Fit hidden Markov models using Template Model Builder (TMB): flexible state-dependent distributions, transition probability structures, random effects, and smoothing splines.
53 stars 7 forks source link

Improved error message for zeros in `gamma` model #25

Open roaldarbol opened 7 months ago

roaldarbol commented 7 months ago

First of all, sorry about all the issues raised - just hoping to help as much as possible, as I appreciate all the work put into building this brilliant package, so it's all in a spirit of appreciation! :-)

When trying to fit data that includes zeros to a gamma model, the error message is somewhat uninformative. Maybe it could be possible to add a test of assumptions of the data given the model to give an error message that reflects which of the underlying assumptions are violated. So e.g. when running a gamma distribution, the check could be a simple any(data[["y"]] == 0). But could maybe be implemented as a general feature to check assumptions and report errors first.

Here's a reprex which produces the error only when 0 is in the data set.

library(hmmTMB, quietly = TRUE)
#> This is mgcv 1.9-1. For overview type 'help("mgcv-package")'.
library(tibble)
v1 <- rgamma(n = 500, shape = 1, scale = 0.01)
v2 <- rgamma(n = 500, shape = 3, scale = 2)

df_hmm <- tibble(speed_cm_s = c(v1, v2))
df_hmm_0 <- tibble(speed_cm_s = c(v1, v2, 0))

# Without 0
hid <- MarkovChain$new(data = df_hmm, n_states = 2)
par0_gamma <- list(speed_cm_s = list(shape = c(1, 3), scale = c(0.01, 2)))
obs <- Observation$new(data = df_hmm,
                       dists = list(speed_cm_s = "gamma"),
                       n_states = 2,
                       par = par0_gamma)
#> Warning: Unknown or uninitialised column: `time`.
#> Warning: Unknown or uninitialised column: `ID`.
mod1 <- HMM$new(obs = obs, hid = hid)
mod1$fit(silent = TRUE)

# With 0
hid <- MarkovChain$new(data = df_hmm_0, n_states = 2)
par0_gamma <- list(speed_cm_s = list(shape = c(1, 3), scale = c(0.01, 2)))
obs <- Observation$new(data = df_hmm_0,
                       dists = list(speed_cm_s = "gamma"),
                       n_states = 2,
                       par = par0_gamma)
#> Warning: Unknown or uninitialised column: `time`.
#> Unknown or uninitialised column: `ID`.
mod1 <- HMM$new(obs = obs, hid = hid)
mod1$fit(silent = TRUE)
#> Error in self$setup(silent = silent): Log-likelihood is NaN or infinite at starting parameters. Check that the data are within the domain of definition of the observation distributions, or try other starting parameters.

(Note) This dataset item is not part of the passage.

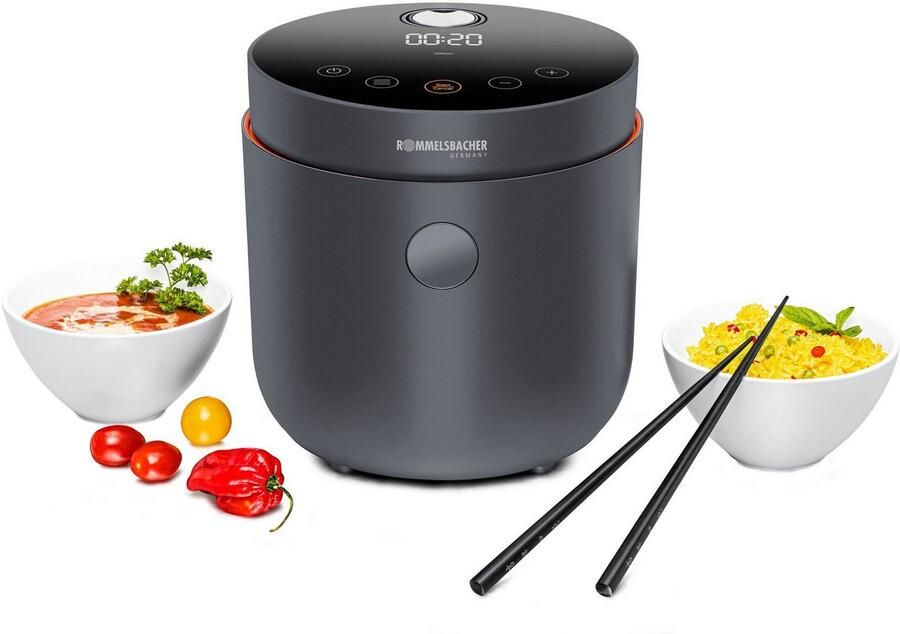 Rommelsbacher multifunctionele rijstkoker MRK 500 – 6 programma s met low carb functie – met stoominzet LED display en antiaanbak binnenpan – 2 liter - Foto 4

Created on 2024-04-28 with reprex v2.1.0

TheoMichelot commented 7 months ago

Thanks for the feedback. The reason the checks you mention aren't implemented is that it is less straightforward to check that the observations are in the right domain for distributions over discrete sets (e.g., Poisson, binomial). That being said, this should still be feasible (possibly ignoring the case of discrete observations at first). I think the steps could be:

  1. Add support_ as a field to the Dist class, which takes a string of the form "(-Inf, Inf)", or "(0, Inf)", or "[0, Inf)" (distinction between open and closed intervals is important)

    • add private attribute support_
    • add Dist$field() accessor
    • add support argument to Dist$initialize() and initialise in constructor (possibly with a default value)
  2. Add the support to existing distributions in R/dist_def.R

  3. Add a method Dist$check_support(x), which unpacks the character string from step 1, extracts the relevant inequalities, and checks whether those are satisfied by the input x (vector of observations)

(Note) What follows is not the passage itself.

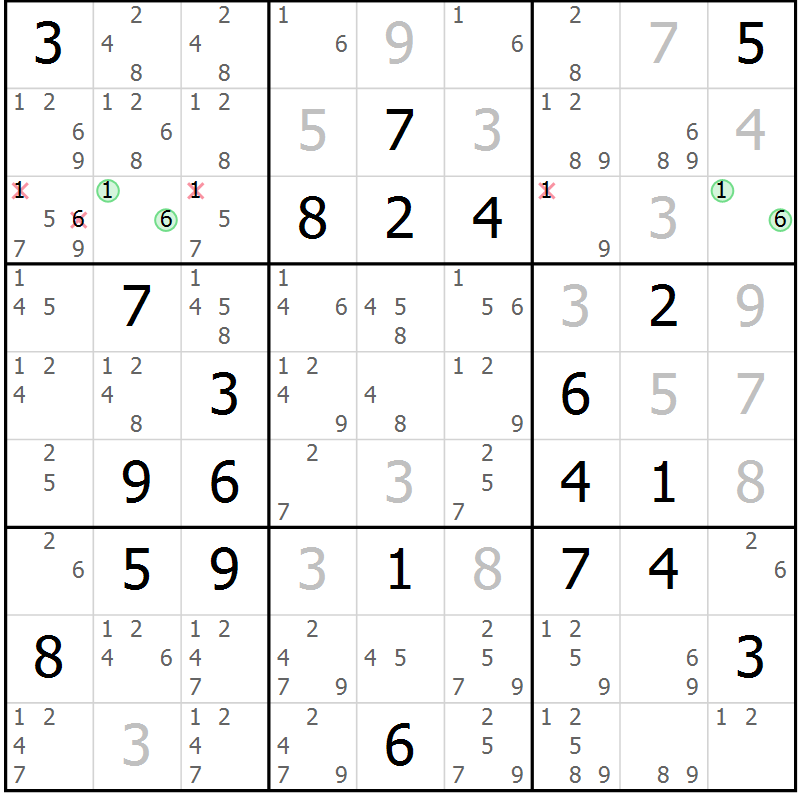Position des candidats pour la solution de la Gr 40 page 42 du magazine de sudoku Expert n° 016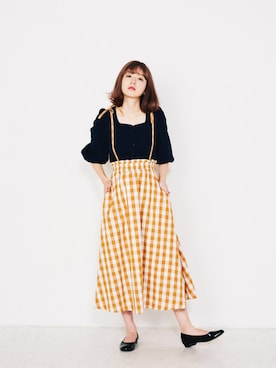 「マスタードイエロー」｜AMOさん（レディース・167cm）の春コーディネート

  4. Add check in Observation$initialize()

    • loop over observation variables
    • for each, check whether observations are within support using Dist$check_support(x),
    • if not, print an error message of the form "Observations for the variable Z are not within the support of the 'gamma' distribution (0, Inf)"

Note that this won't be a priority because the error message is already reasonably informative ("Check that the data are within the domain of definition of the observation distributions").

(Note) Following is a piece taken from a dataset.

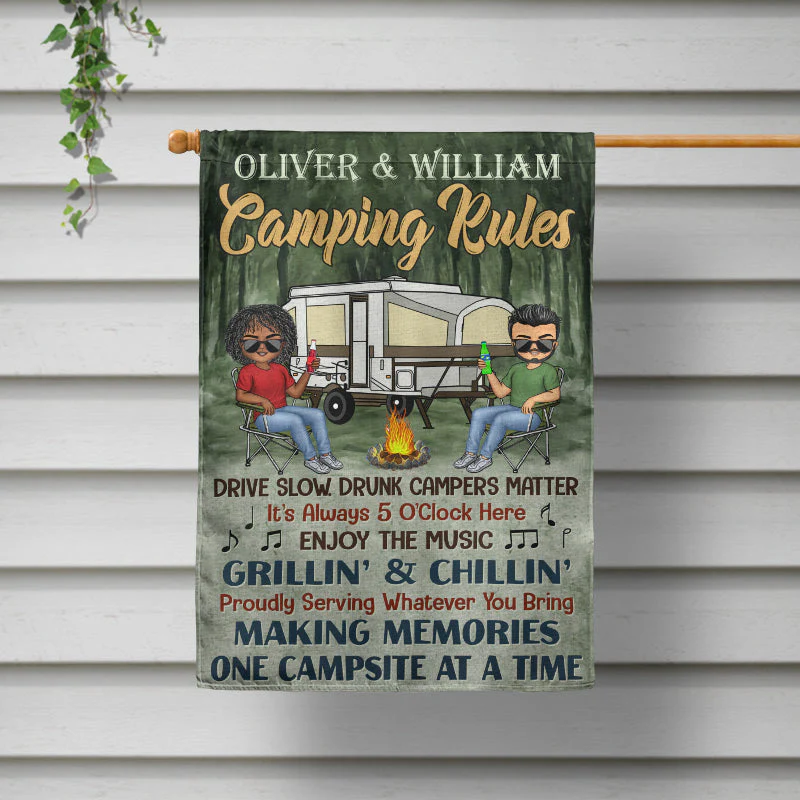 Camping Rules Drive Slow Drunk Campers Matter Chibi Couple - Camping Gift - Personalized Custom Flag - Image 2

roaldarbol commented 7 months ago

Wow, that's a super thorough fix - I like it! And no worries, there's no rush, just thought it was worth to file the issue. :-)

I must admit I couldn't find a source that specified that gamma distributions have to be >0, but it might have been hidden in formulaic language somewhere. So even just having a tiny write-up about what the "domain of definition of the observation distribution" is for the different distributions would be of great help.